Department of Biology and Biotech Research and Innovation Centre, Faculty of Science, The Bioinformatics Centre, University of Copenhagen, 2100, Copenhagen, Denmark.
Eur Arch Otorhinolaryngol. 2016 Jan;273(1):81-6. doi: 10.1007/s00405-015-3493-0. Epub 2015 Jan 7.
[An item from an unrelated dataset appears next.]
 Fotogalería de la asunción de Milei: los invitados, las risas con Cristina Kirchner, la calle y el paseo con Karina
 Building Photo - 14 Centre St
Otitis media is a common disease in childhood. In adults, the disease is relatively rare, but more frequently associated with complications. Possible reasons for this discrepancy are age-related differences in pathogen exposure, anatomy of the Eustachian tube and immune system. The objective of this study was to analyze the relationship between age and the mucosal immune system in the middle ear. It is hypothesized that genes involved in the middle ear immune system will change with age. A comprehensive assessment of these genetic differences using the techniques of complementary DNA has not been performed. Complementary DNA microarray technology was used to identify immune-related genes differentially expressed between the normal middle ear mucosa of young (10 days old) and adult rats (80 days old). Data were analyzed using tools of bioinformatics. A total of 260 age-related genes were identified, of which 51 genes were involved in the middle ear mucosal immune system. Genes related to the innate immune system, including alpha-defensin, calcium-binding proteins S100A9 and S100A8, were upregulated in young rats, whereas genes related to the adaptive immune system, including CD3 molecules, zeta-chain T-cell receptor-associated protein kinase and linker of activated T-cells, were upregulated in the adult. This study concludes that the normal middle ear immune system changes with age. Genes related to the innate immune system are upregulated in young rats, whereas genes related to the adaptive immune system are upregulated in adults.
中耳炎是儿童期的常见疾病。在成人中,该疾病相对少见,但更常伴有并发症。这种差异的可能原因是病原体暴露、咽鼓管解剖结构和免疫系统方面的年龄相关差异。本研究的目的是分析年龄与中耳黏膜免疫系统之间的关系。据推测,中耳免疫系统中涉及的基因会随年龄变化。尚未使用互补DNA技术对这些基因差异进行全面评估。利用互补DNA微阵列技术来鉴定在幼年(10日龄)和成年大鼠(80日龄)正常中耳黏膜之间差异表达的免疫相关基因。使用生物信息学工具分析数据。共鉴定出260个与年龄相关的基因,其中51个基因参与中耳黏膜免疫系统。与固有免疫系统相关的基因,包括α-防御素、钙结合蛋白S100A9和S100A8,在幼年大鼠中上调,而与适应性免疫系统相关的基因,包括CD3分子、ζ链T细胞受体相关蛋白激酶和活化T细胞连接蛋白,在成年大鼠中上调。本研究得出结论,正常中耳免疫系统随年龄变化。与固有免疫系统相关的基因在幼年大鼠中上调,而与适应性免疫系统相关的基因在成年大鼠中上调。